_Exercise brief_
Only one span is wanted from the lines below: from the one with "Sprzedam łóżko Ikea" up to and including the one with "2005 SUZUKI DR200SE". Copy it exactly, without images.

_Data to use_
• • • • • • •

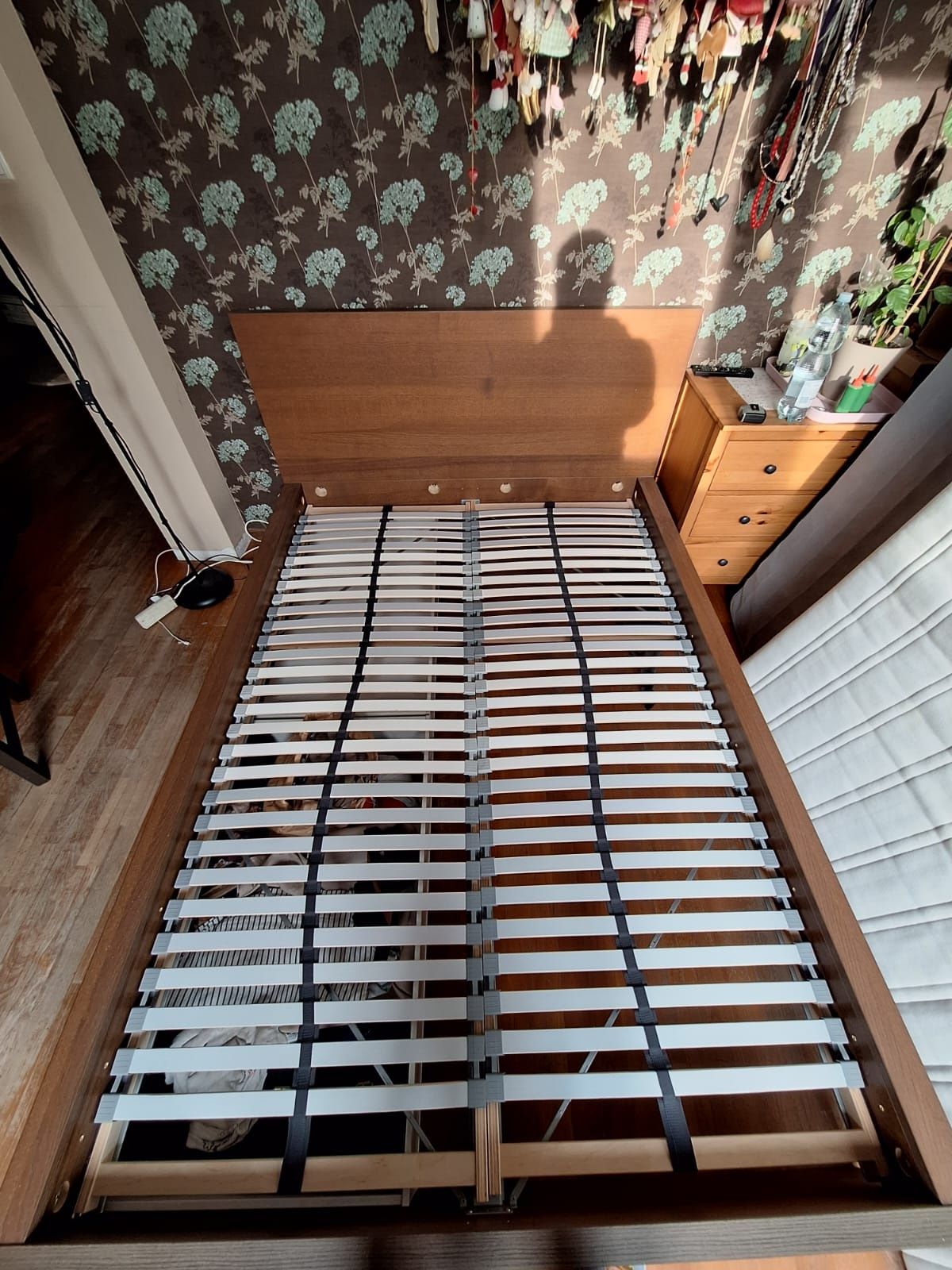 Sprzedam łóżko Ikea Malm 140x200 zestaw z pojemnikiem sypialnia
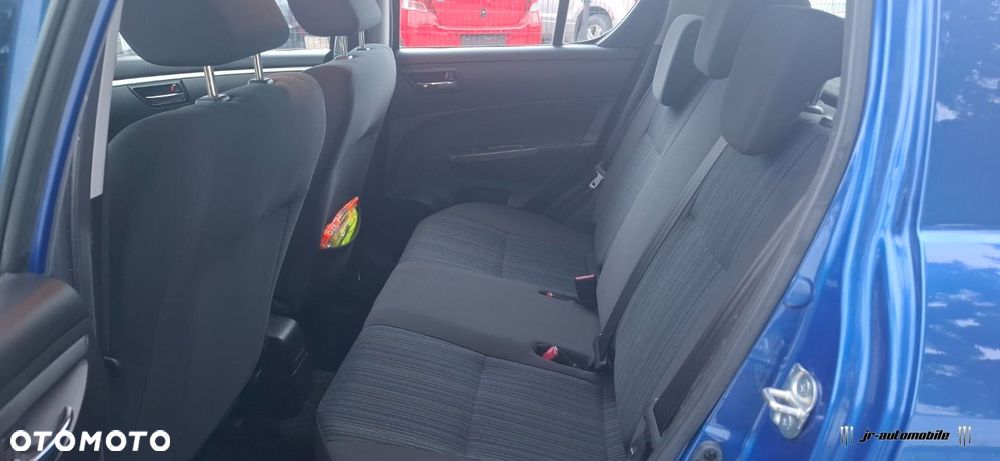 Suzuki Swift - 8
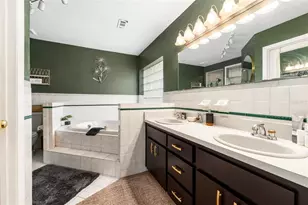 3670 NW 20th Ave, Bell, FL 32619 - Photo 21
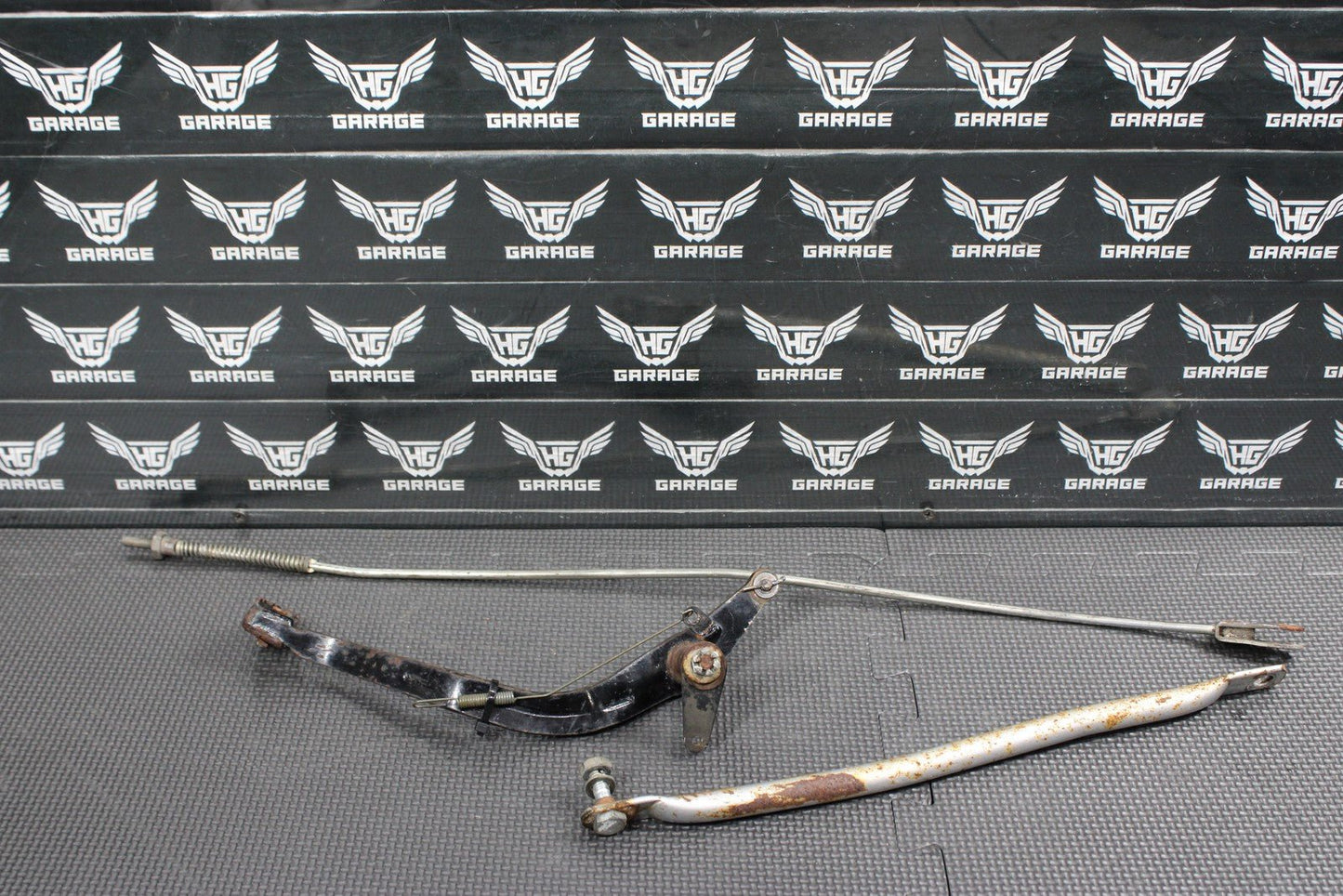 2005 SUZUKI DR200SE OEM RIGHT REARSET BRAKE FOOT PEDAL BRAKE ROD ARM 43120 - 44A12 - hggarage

• • • • • • •

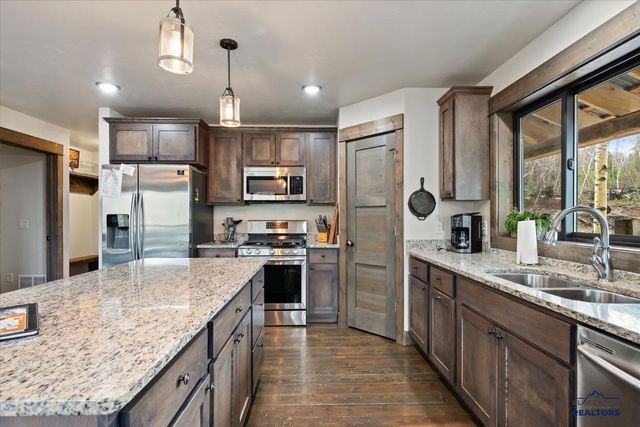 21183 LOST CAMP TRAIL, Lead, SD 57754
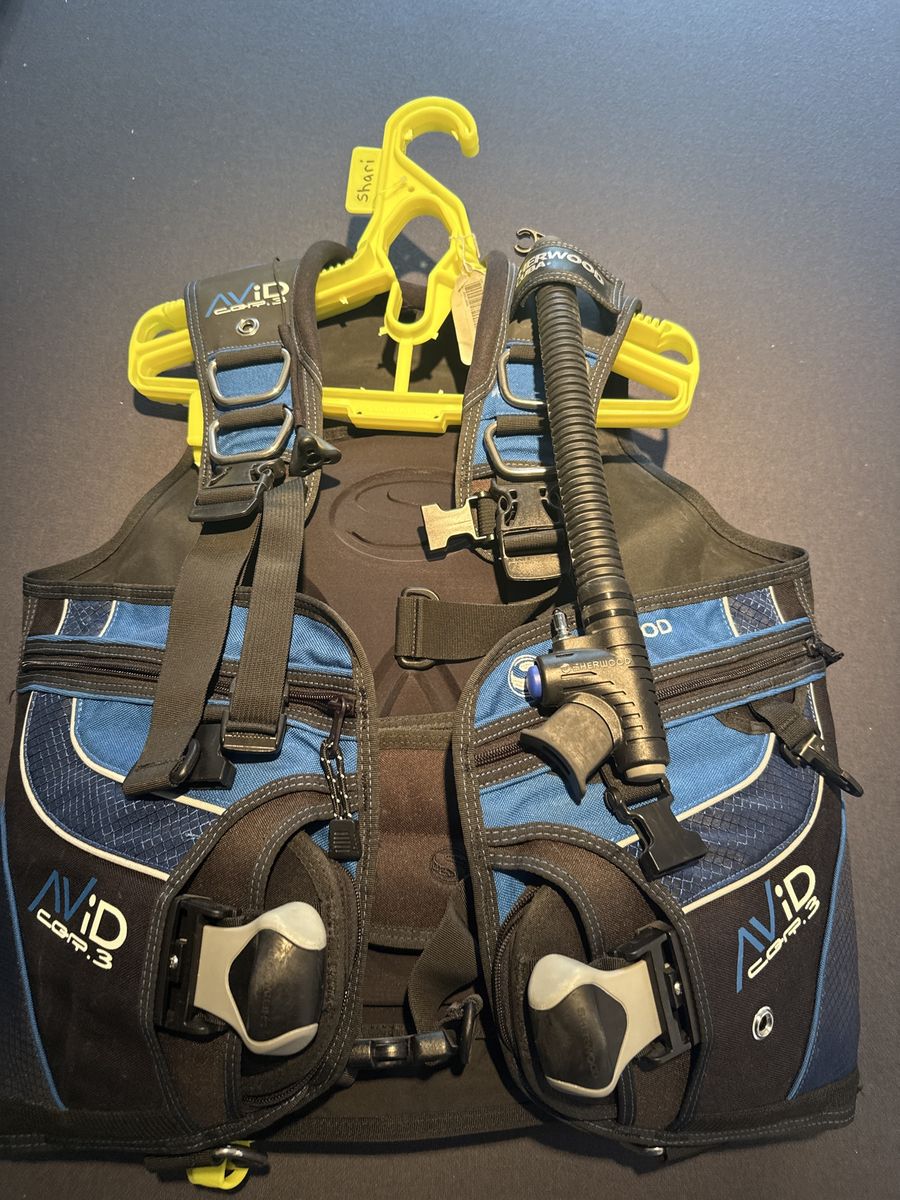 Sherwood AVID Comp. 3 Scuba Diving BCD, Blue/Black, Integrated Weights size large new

• • • • • • •

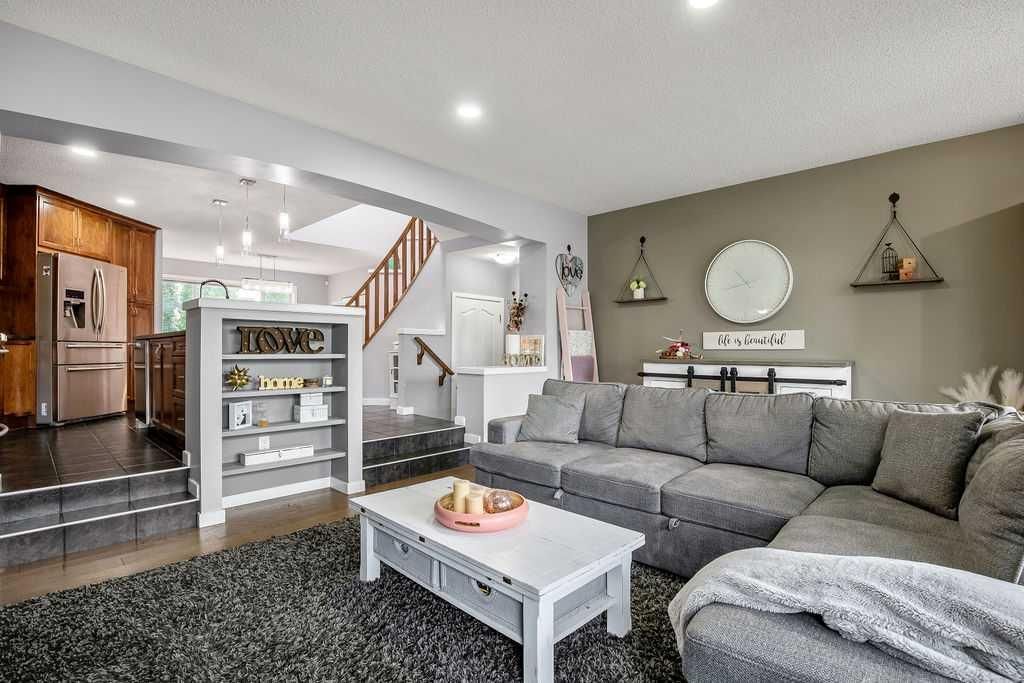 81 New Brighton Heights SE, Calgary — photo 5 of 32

• • • • • • •

_Solved problem_
 Sprzedam łóżko Ikea Malm 140x200 zestaw z pojemnikiem sypialnia
 Suzuki Swift - 8
 3670 NW 20th Ave, Bell, FL 32619 - Photo 21
 2005 SUZUKI DR200SE OEM RIGHT REARSET BRAKE FOOT PEDAL BRAKE ROD ARM 43120 - 44A12 - hggarage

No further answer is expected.